Автор: Виталий Даренский
Иногда ко мне обращаются молодые авторы, в основном поэты, с просьбой помочь опубликовать стихи в каком-нибудь журнале. Я сам раньше публиковался в литературных журналах, но уже потерял к этому интерес по двум причинам. Во-первых, поскольку это не имеет никакого смысла, т.к. эти журналы давно уже никто не читает – количество их читателей меньше, чем количество авторов, которые в них публикуются. Поэтому нужно просто издавать сборники своих стихотворений, ставить их на продажу и дарить всем, кому они интересны. Так они найдут своих читателей. Во-вторых, в «толстых» журналах опубликовать литературные произведения очень трудно, поскольку все эти журналы за десятилетия обросли «своими» авторами, которых они и публикуют, и попасть в круг «своих» со стороны почти невозможно. Это я и объясняю молодым, которые страдают от того, что их не публикуют.

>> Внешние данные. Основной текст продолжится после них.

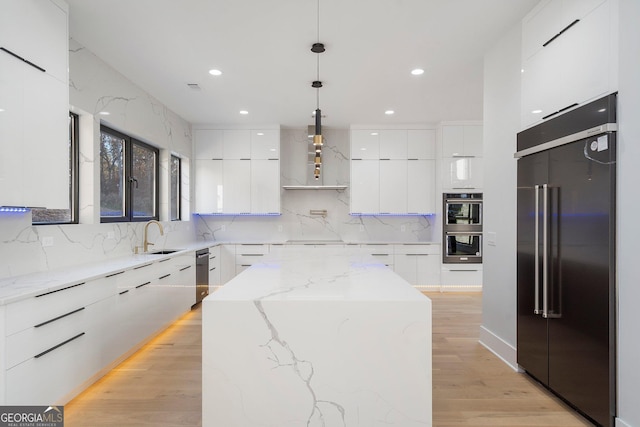 kitchen featuring white cabinetry, hanging light fixtures, light stone countertops, a kitchen island, and built in fridge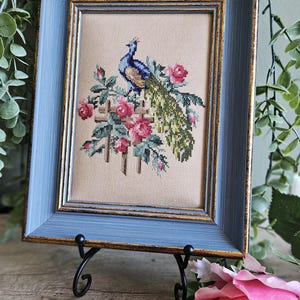 May include: A cross-stitch embroidery featuring a blue and green peacock perched on a wooden fence surrounded by pink roses. The artwork is displayed in a rectangular blue frame with gold inner trim, set on a black metal stand.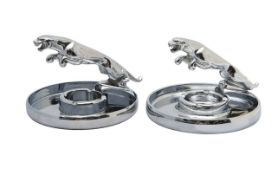 Two chrome Jaguar car mascot ashtrays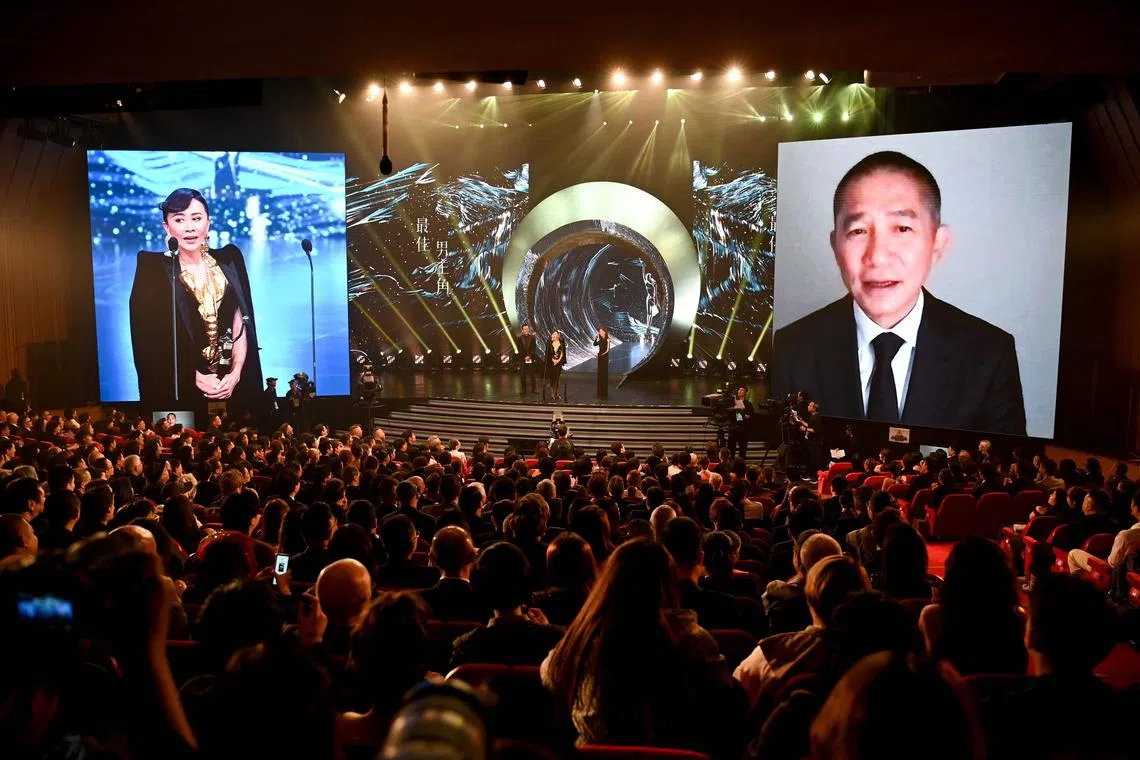 Hong Kong actor Tony Leung Chiu Wai (right) listens to his wife and actress Carina Lau (left) via video link after she picked up his Best Actor award at the 42nd Hong Kong Film Awards in Hong Kong on April 14, 2024. 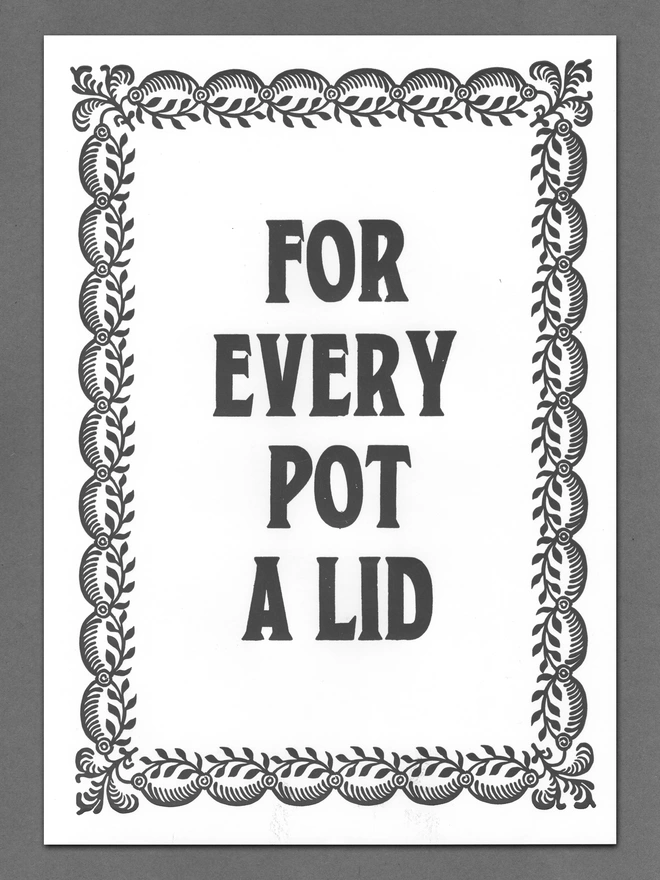 A3 letterpress print with serif block font text design "For Every Pot A Lid" bordered by vintage leaves pattern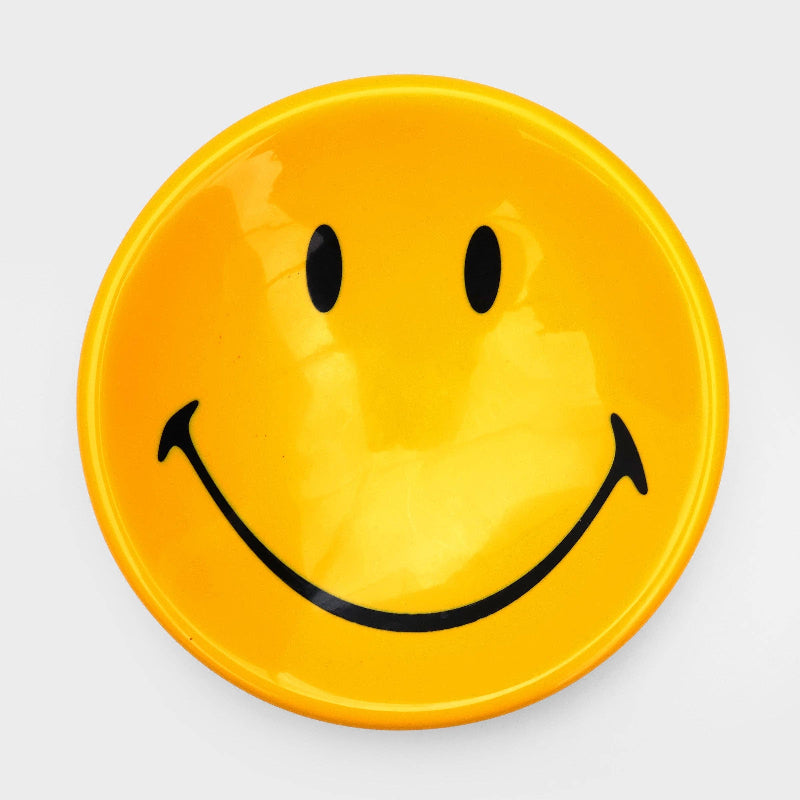 Yellow plate with a smiley face design on a white background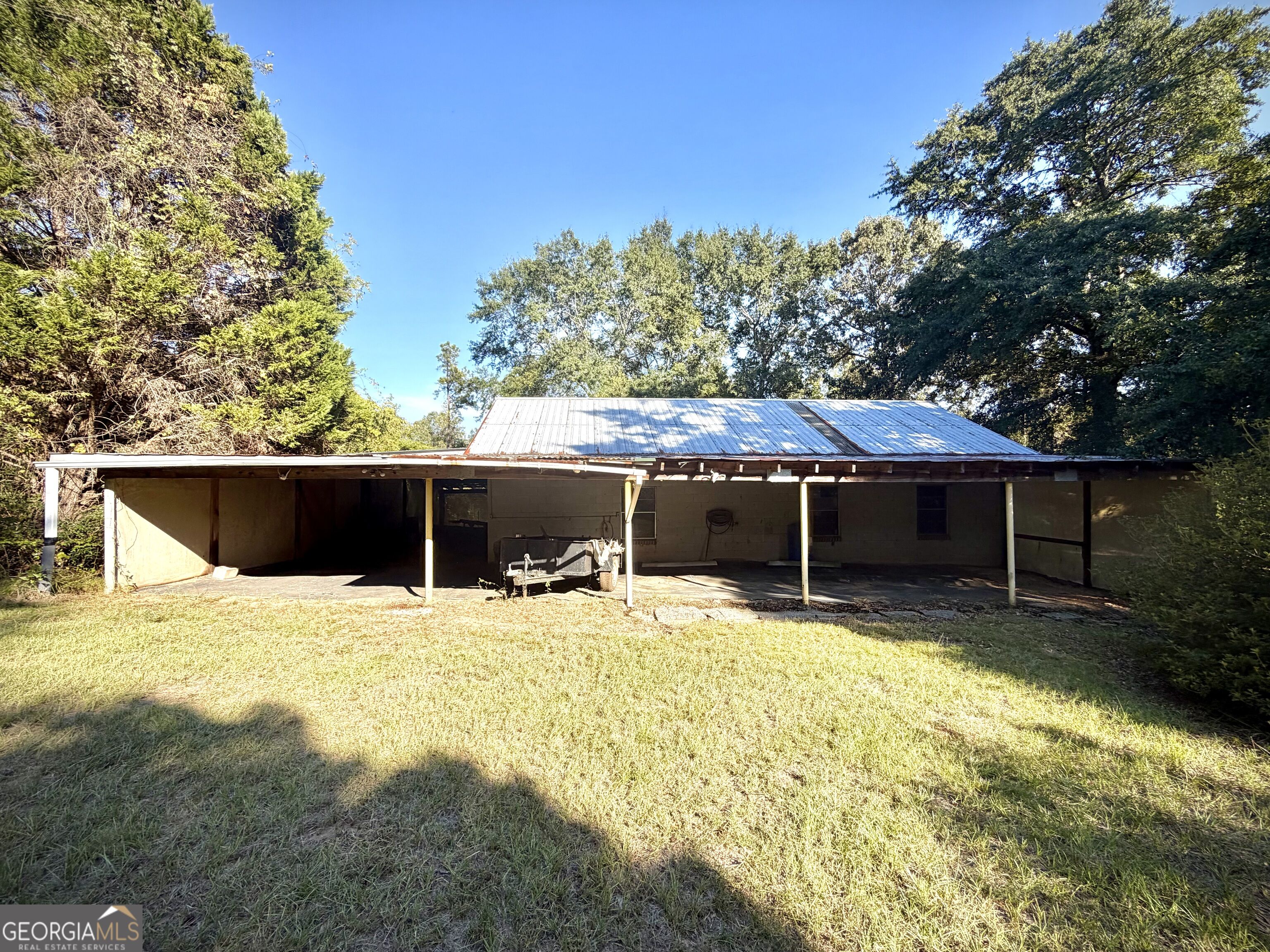 Single-story rural property with a broad metal roof, deep covered porch, and grassy yard.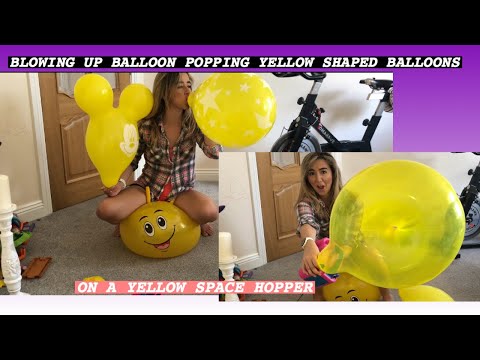 YELLOW BALLOONS AND A YELLOW SPACE HOPPER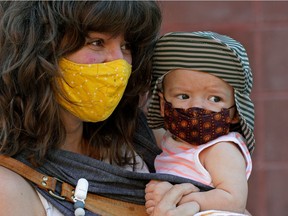 Tessa Stamp and her four-month-old baby Brome Stameny wear face coverings while strolling in Edmonton's Old Strathcona district on Thursday July 8, 2021 during the COVID-19 pandemic.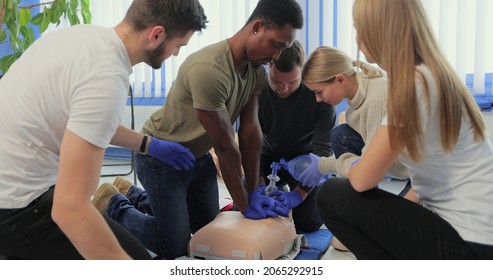 Closeup of students practicing CPR chest compression on dummy. - Powered by Shutterstock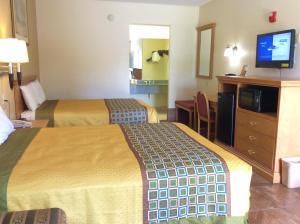 Postel nebo postele na pokoji v ubytování Texas Inn - Welasco/Mercedes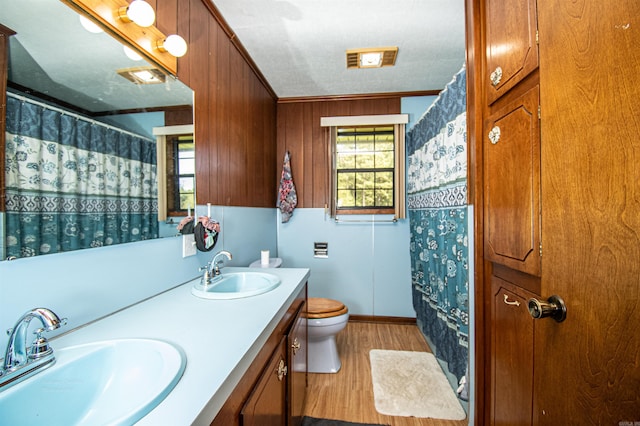 bathroom with ornamental molding, vanity, hardwood / wood-style flooring, and toilet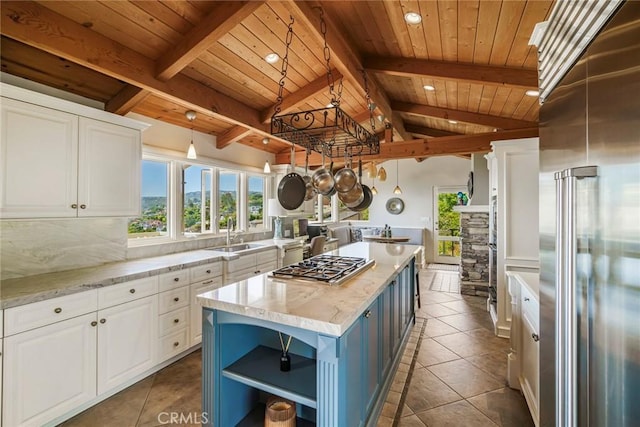 kitchen with hanging light fixtures, a center island, white cabinets, and appliances with stainless steel finishes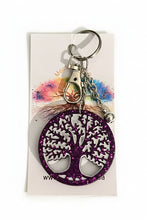 Load image into Gallery viewer, A purple glitter tree of life keychain with a silver metal tree design, attached to a silver split ring and keychain chain, displayed on a white branded backing card over a green patterned fabric background.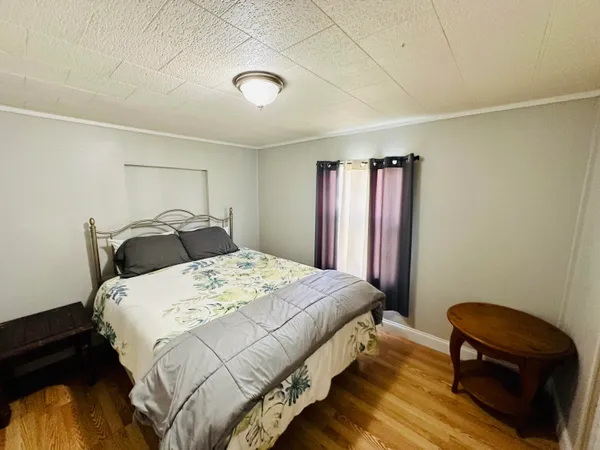 a view of a room with wooden floor and a chair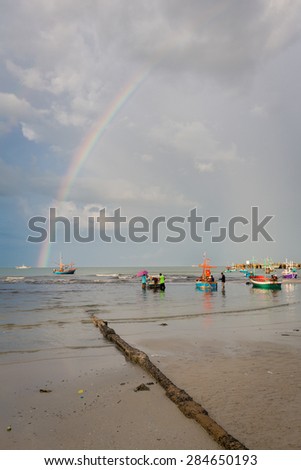 boat by the huahin beachside during beautiful sky with rainbow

На самом же деле за всем этим стоит еще более глубокий и тяжелый факт – деградация современной литературы. Молодых и талантливых авторов чаще всего не публикуют просто потому, что на их фоне те, кто привык считать себя авторитетами и «мэтрами» выглядят весьма убого и поэтому просто боятся конкуренции. Поэтому они допускают к публикациям только полуграфоманов своего же уровня, которых можно поучать, снисходительно похлопывая по плечу. А с талантливыми, естественно, так не получится. Однако еще большая проблема состоит в том, что и этих талантливых уже почти нет. Почему?
Рассказывают, что когда-то в еще в 2000-х годах покойные ныне новый классик Валентин Распутин, выступая в Союзе писателей, вызвал большой скандал своим заявлением: «Русской литературы больше нет». Естественно, все «профессиональные литераторы», которые за счет литературы кормятся, принялись ему яростно возражать. Затем уже в газете «Омское время» в марте 2009 г. он написал: «Несомненно, русская литература жива, пока жива Россия. Жизнь государственных и духовных организмов не имеет мгновенного пресечения. Государство по имени Россия может существовать еще долго, но по смыслу, по духу своему не быть Россией. И литература в такой России, потерявшей свой дух и смысл, свое назначение и настроение, способна измениться настолько, что правильнее говорить об ее умирании, нежели обольщаться какими-то новыми этапами. Литература, как и культура в целом, только тогда жива, какие бы тяжкие кризисы она не испытывала, когда она органически, неотрывно связана с национальной душой и обращается к народной жизни. Как только не останется этой связности, этой любви, литература обречена». Однако существует ли еще эта национальная душа и народная жизнь, или они уже тоже в состоянии умирания?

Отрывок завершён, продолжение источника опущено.